Romans 6:1-14
Paul does not describe believers as Christians. He says we are “in Christ”, we are in union with Him. Because we are in Christ, we were with him in everything he did. Sinclair Ferguson says these are some of the most important verses in the N T.
Paul reverts to the diatribe style of writing, question and answers.
The expressions “”died to sin” and “dead to sin” are found in Paul’s writings only in Romans 6. Note he speaks of sin, not sins. His focus is not on sins that people actually commit but the power of sin itself. Deliverance from sin, not the guilt of our sins is his main focus here. He uses the metaphor of slavery to explain our sinful behavior. We are slaves to sin, before we have been set free by Christ.
In Romans 6:3, baptism points to Christ and what he has done. It points to who we are in Christ. We see in Romans 6:6-7 that because of our identification with Christ, our relation to sin has been transformed. Who we were in Adam has been done away with when we were crucified with Christ.
In v 11 Paul uses the term “in Christ” to describe the relation of the believer to Christ. It is found 8 times in Galatians, 34 times in Ephesians, 18 in Colossians. This is the heart of Paul’s theology and it is related to both justification and sanctification.

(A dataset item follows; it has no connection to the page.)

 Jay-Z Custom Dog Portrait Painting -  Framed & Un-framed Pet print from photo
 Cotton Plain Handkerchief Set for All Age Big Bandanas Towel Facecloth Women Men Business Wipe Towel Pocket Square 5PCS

Jesus himself promised his disciples:
Joh 14:20 In that day you will know that I am in my Father, and you in me, and I in you.
Joh 15:4 Abide in me, and I in you. As the branch cannot bear fruit by itself, unless it abides in the vine, neither can you, unless you abide in me.
How does Paul say we are in Christ?
- In Christ we have died with him Rom 6:3 Do you not know that all of us who have been baptized into Christ Jesus were baptized into his death?
- Were buried with him: Rom 6:4 We were buried therefore with him by baptism into death, in order that, just as Christ was raised from the dead by the glory of the Father, we too might walk in newness of life.
- Resurrected with him: Col 3:1 If then you have been raised with Christ, seek the things that are above, where Christ is, seated at the right hand of God.
- Ascended with him: Eph 2:6 and raised us up with him and seated us with him in the heavenly places in Christ Jesus,
- We will reign with him: 2Ti 2:12 if we endure, we will also reign with him; if we deny him, he also will deny us;
- We will be glorified with him: Rom 8:17 and if children, then heirs—heirs of God and fellow heirs with Christ, provided we suffer with him in order that we may also be glorified with him.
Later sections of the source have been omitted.